Wenn der FC Bayern am Samstagabend beim 1. FC Union Berlin antritt, muss Thomas Tuchel auf insgesamt sechs Spieler verzichten. Leroy Sané, Serge Gnabry, Kingsley Coman, Sacha Boey, Bouna Sarr und Tarek Buchmann stehen allesamt verletzungsbedingt nicht zur Verfügung.
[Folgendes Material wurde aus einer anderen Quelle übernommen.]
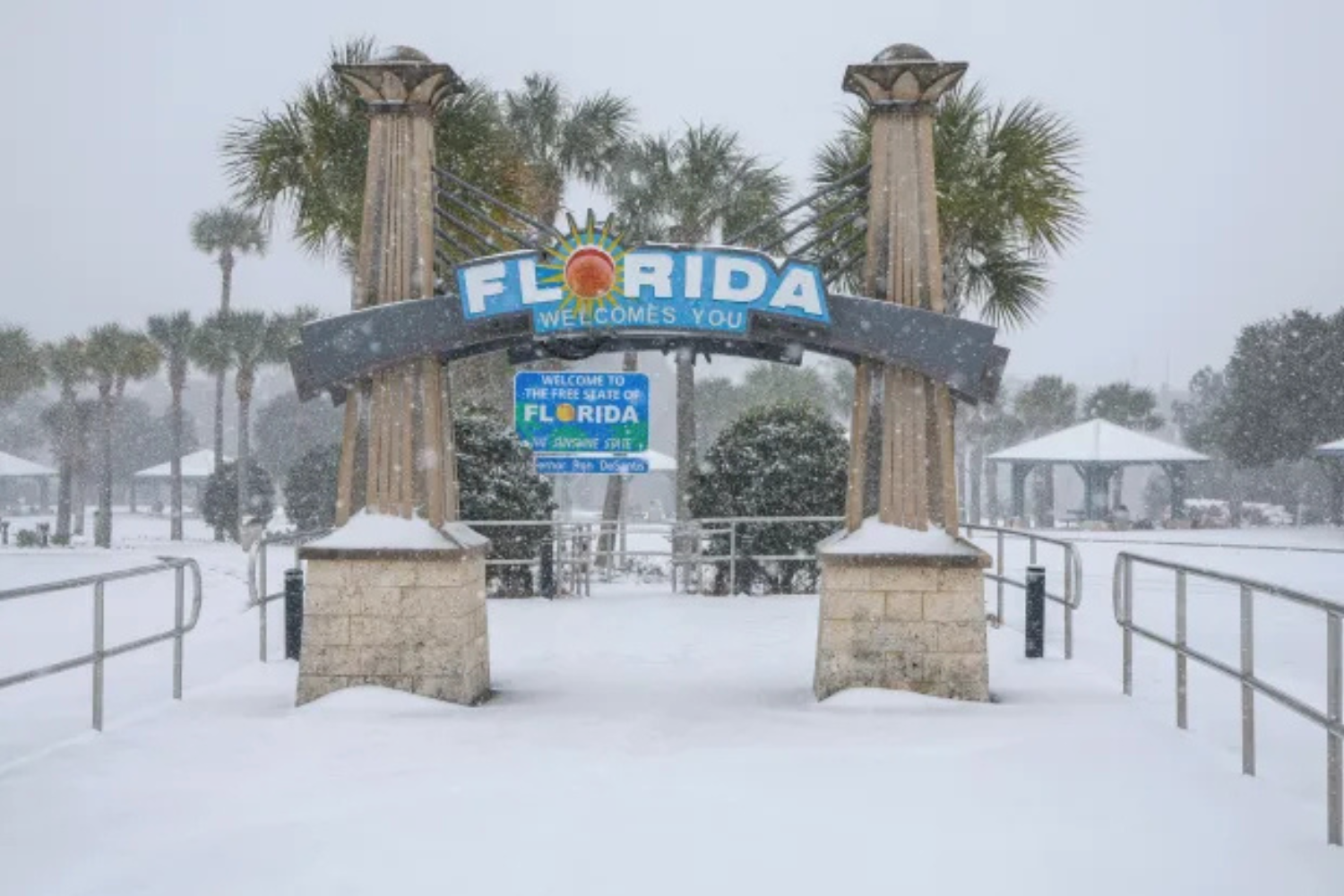 Florida experienced a rare snowfall this past week, with places like Pensacola Beach and Tallahassee seeing snow for the first time in decades. Scientists explain that this unusual event is linked to climate change, as a weakened polar vortex allows Arctic air to push further south, leading to more extreme weather patterns.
Es ist nicht das erste Mal in dieser Saison, dass der FCB-Trainer eine halbe Elf an Verletzten zusammenbekommt. Immer wieder sind es dabei Muskelverletzungen, die den Münchener Spielern zu schaffen machen, ganze 24 waren es im bisherigen Verlauf dieser Spielzeit.
"Das ist auf jeden Fall auch ein Thema, wir müssen eine Lösung finden", sagte Tuchel kürzlich, nachdem es Gnabry mal wieder erwischt hatte. Über die Gründe wurde in der Folge reichlich spekuliert. Liegt es am Rasen? Liegt es an den Trainingsmethoden von Tuchel?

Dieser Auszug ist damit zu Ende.